These powdered sugar substitutes are my little saviors. I’m kind of a forgetful person, and usually, I end up coming home after a grocery trip without a packet of powdered sugar. As a result, I have to put back my plan of making some gooey brownies to treat my family.
That no longer happens when I have these cheap and easy substitutes on hand. Some options are also ideal for those trying to cut back on calories or experiment with something new.
Table of Contents
12 Ideal Replacements For Powdered Sugar You Must Know
Whatever the reason you are here, I’m positive that you won’t be let down.
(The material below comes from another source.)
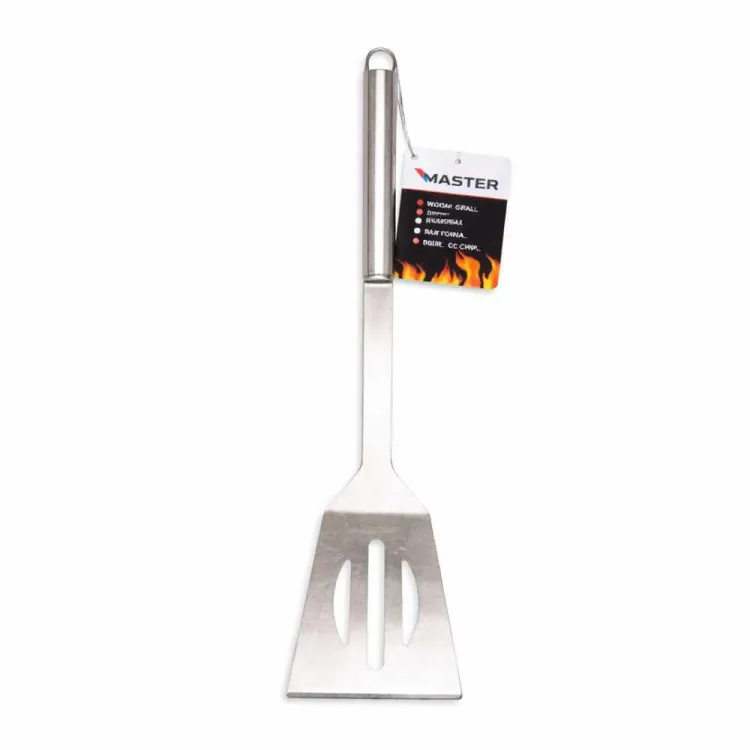 Łopatka do grilla Master Grill MG301 stal nierdzewna długa perforowana do mięsa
Below is the list of the best alternatives for powdered sugar, categorized based on your dietary purposes.
- DIY Powdered Sugar
- Powdered Coconut Sugar
- Powdered Dextrose
- 6X/4X Powdered Sugar
- Baker’s Sugar
- Regular Granulated Sugar
- Dry Milk Powder
- Snow Powder
- Hot Cocoa Mix
- Xylitol Powder
- Artificial Sweetener + Cornstarch
Your desserts cannot wait. Scroll down and check out the substitutes!
Powdered Sugar And Some Facts That You May Not Know
No doubt, everyone has cooked with or tried powdered sugar at least once. It is granulated sugar pulverized into tiny particles and mixed with cornstarch, resulting in a pantry staple with various culinary uses.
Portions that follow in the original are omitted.